### Available records

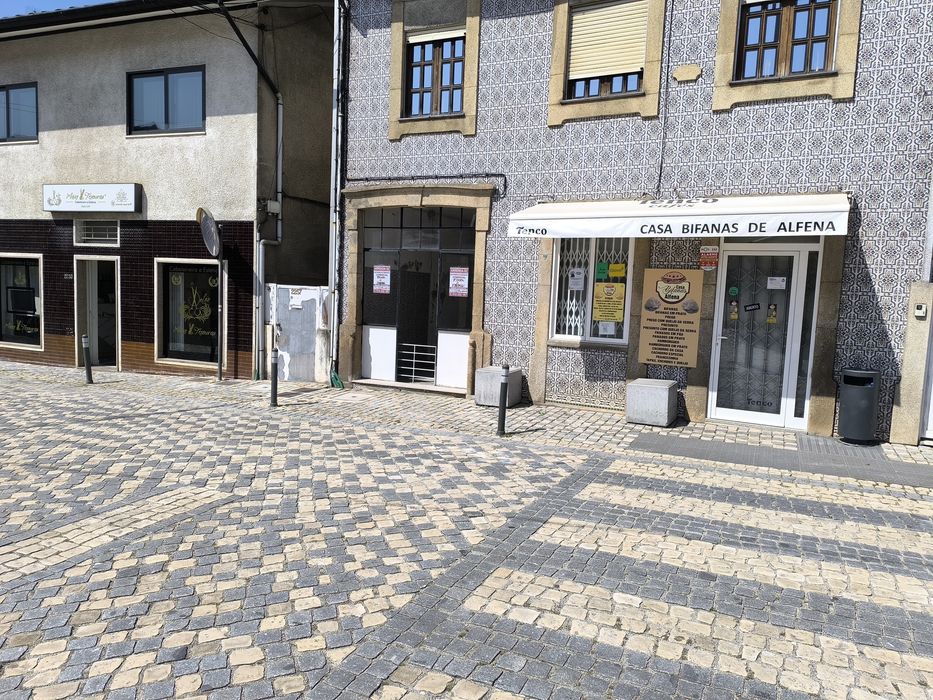 Arrenda-se Estabelecimento Comercial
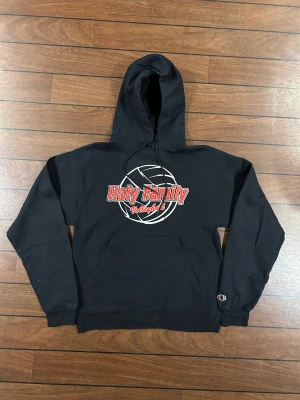 Champion Hoodie - Snygg vintage Hoodie i storlek S! Bara att skriva om du undrar över något🙏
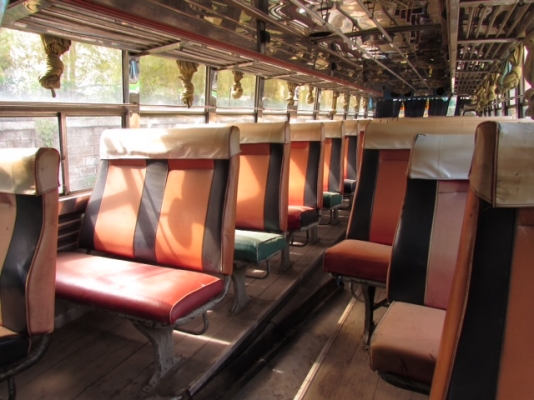 ขายรถบัสพัดลม เครื่อง NISSAN PET-6 เทอร์โบ เอกสารพร้อมโอน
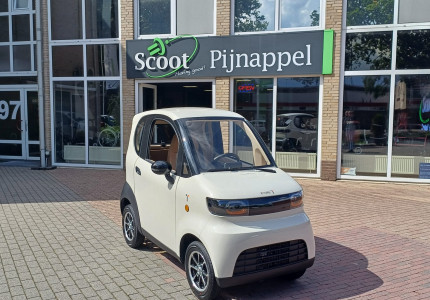 Nu ook elektrische stadsauto bij Pijnappel Scoot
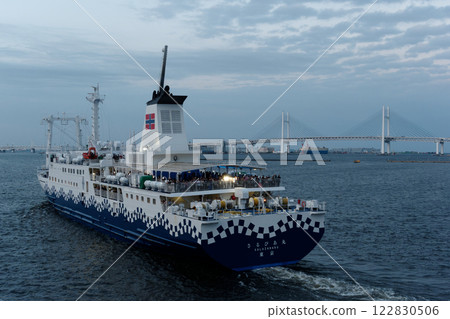 Large passenger ship Salvia Maru departing from Yokohama Osanbashi Pier and Yokohama Bay Bridge 122830506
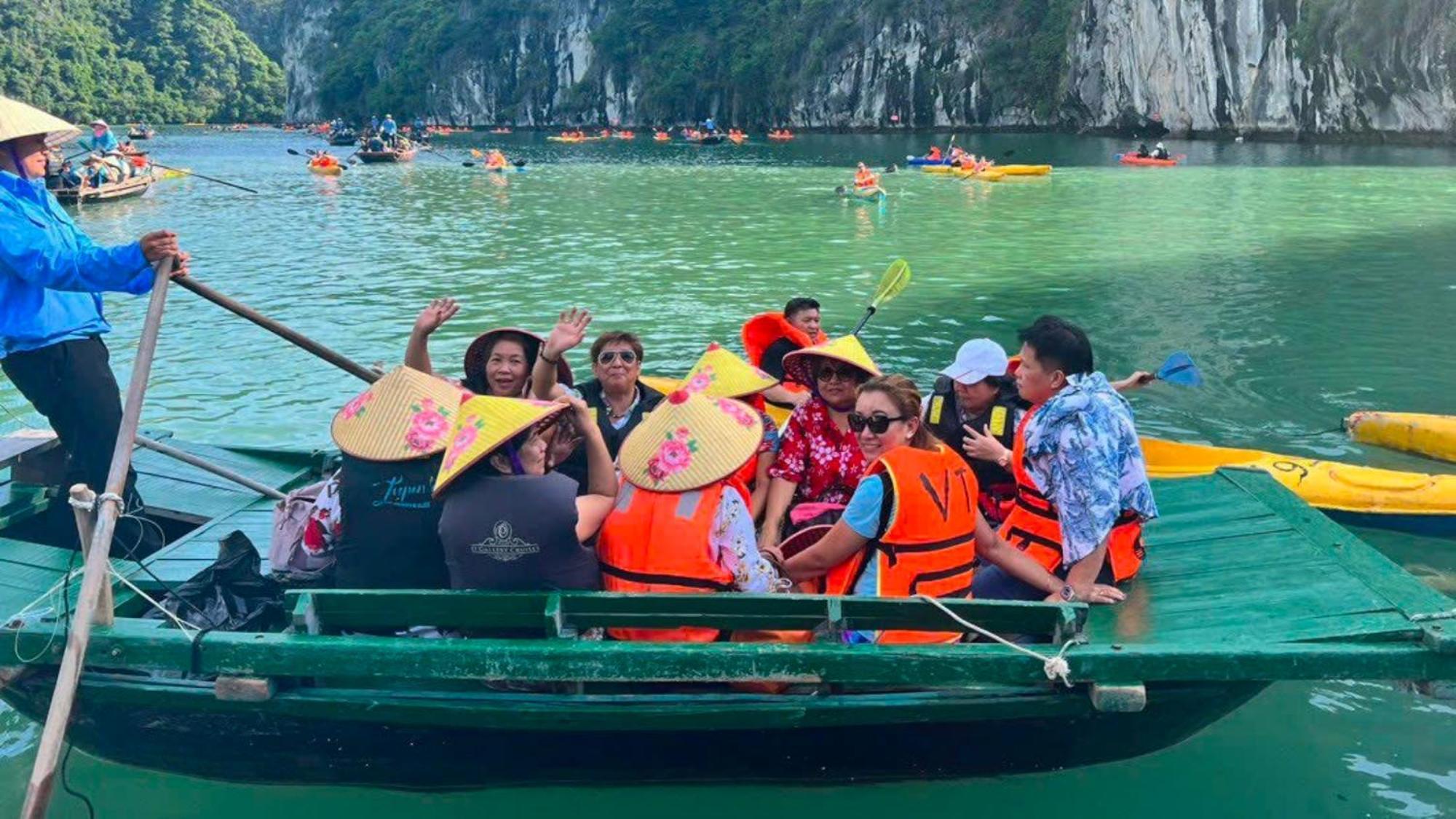 Lotus Elegance Cruise Hotel Hạ Long-öböl Kültér fotó
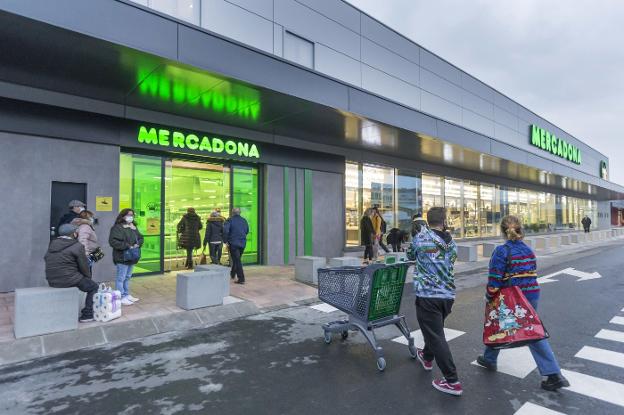 Mercadona realizó en Cantabria compras por valor de 366 millones e invirtió otros 3 en 2021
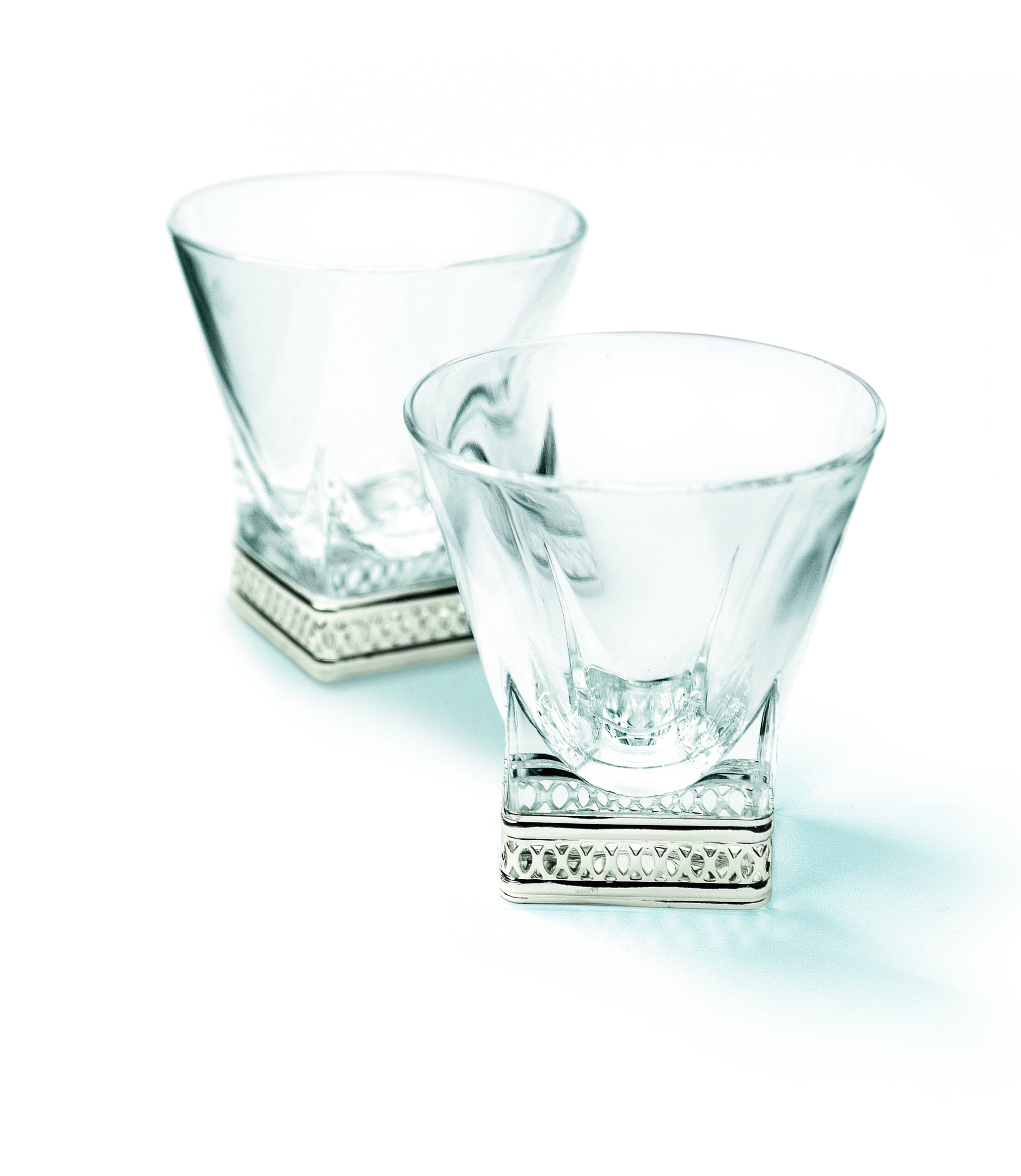 Chinelli pitsid, hõbetatud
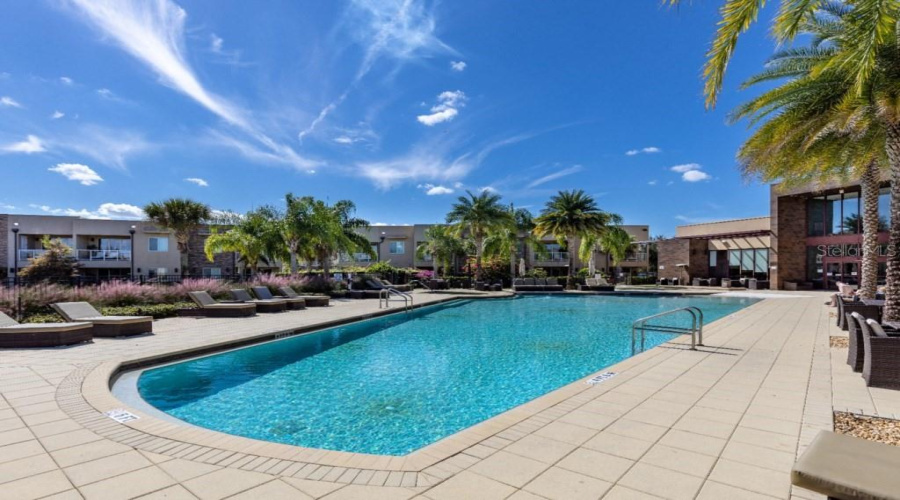 KISSIMMEE, Florida 34747, 4 Bedrooms Bedrooms, ,4 BathroomsBathrooms,Residential,For Sale,RECIFE,0,MFRS5131850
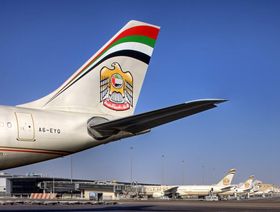 ADQ تعرض دمج أصولها بقطاع الطيران مع \"طيران أبوظبي\"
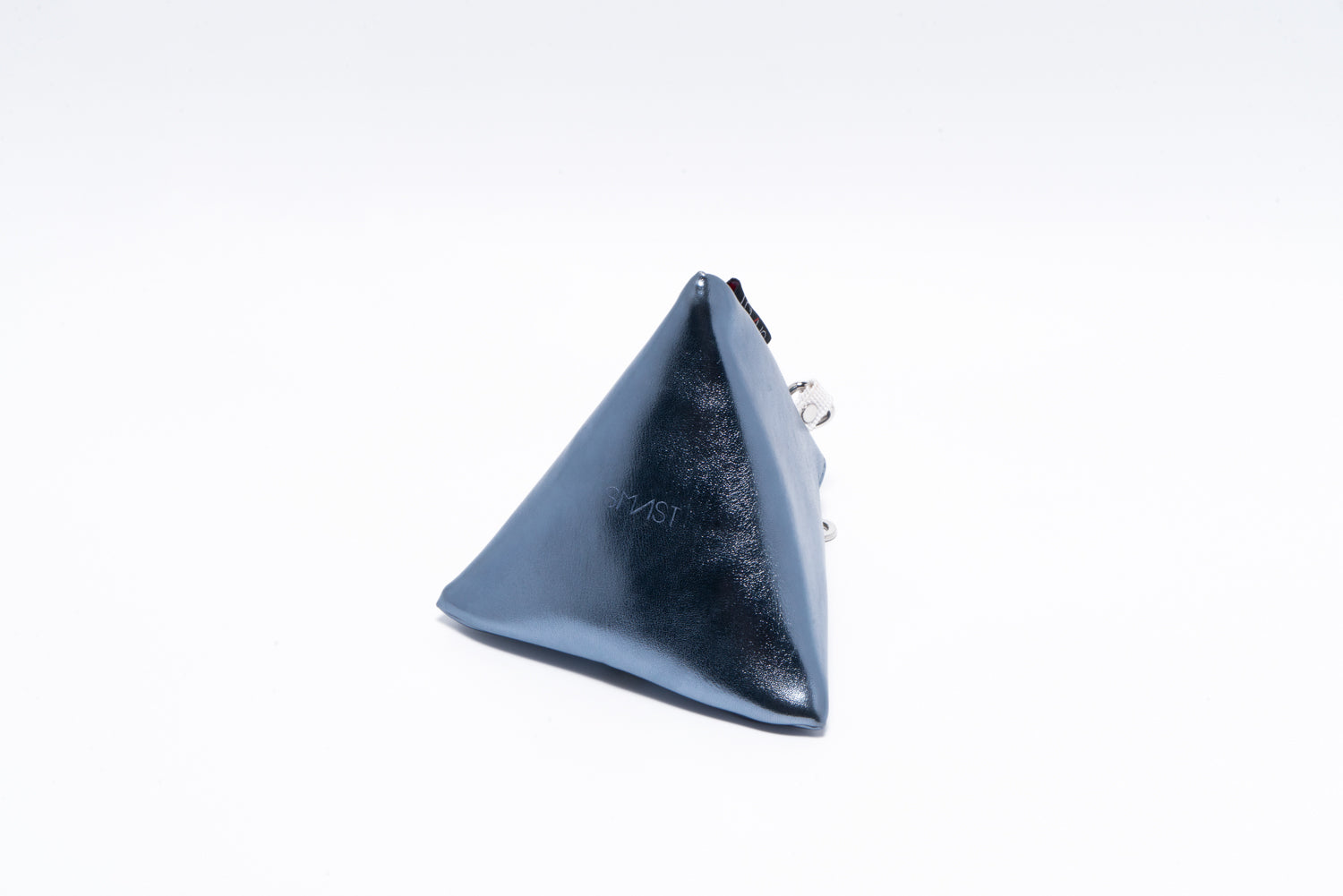 SMAST PYRAMID POUCH / METALLIC BLUE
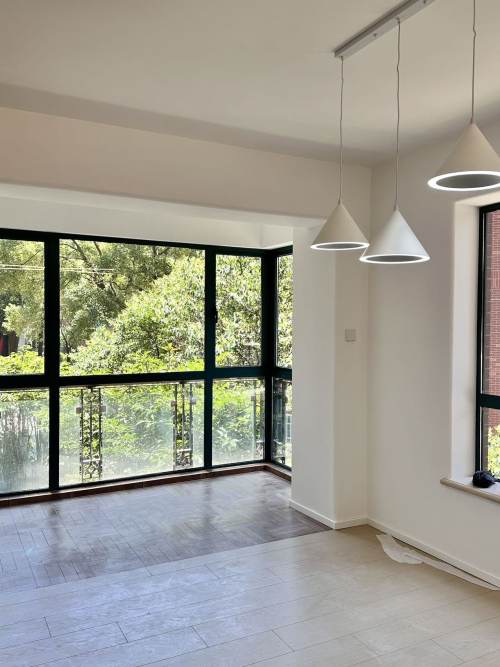 Housing image — Living Room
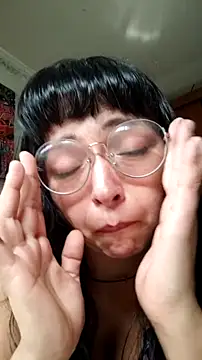 Snapshot of LisaMargo chatting on 06-03-26, 04:23 LisaMargo online show from 06-03-26, 04:23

######

_Work request_.
Give back every entry verbatim. No pictures belong in the copy.

_Task answer_.
 Arrenda-se Estabelecimento Comercial
 Champion Hoodie - Snygg vintage Hoodie i storlek S! Bara att skriva om du undrar över något🙏
 ขายรถบัสพัดลม เครื่อง NISSAN PET-6 เทอร์โบ เอกสารพร้อมโอน
 Nu ook elektrische stadsauto bij Pijnappel Scoot
 Large passenger ship Salvia Maru departing from Yokohama Osanbashi Pier and Yokohama Bay Bridge 122830506
 Lotus Elegance Cruise Hotel Hạ Long-öböl Kültér fotó
 Mercadona realizó en Cantabria compras por valor de 366 millones e invirtió otros 3 en 2021
 Chinelli pitsid, hõbetatud
 KISSIMMEE, Florida 34747, 4 Bedrooms Bedrooms, ,4 BathroomsBathrooms,Residential,For Sale,RECIFE,0,MFRS5131850
 ADQ تعرض دمج أصولها بقطاع الطيران مع \"طيران أبوظبي\"
 SMAST PYRAMID POUCH / METALLIC BLUE
 Housing image — Living Room
 Snapshot of LisaMargo chatting on 06-03-26, 04:23 LisaMargo online show from 06-03-26, 04:23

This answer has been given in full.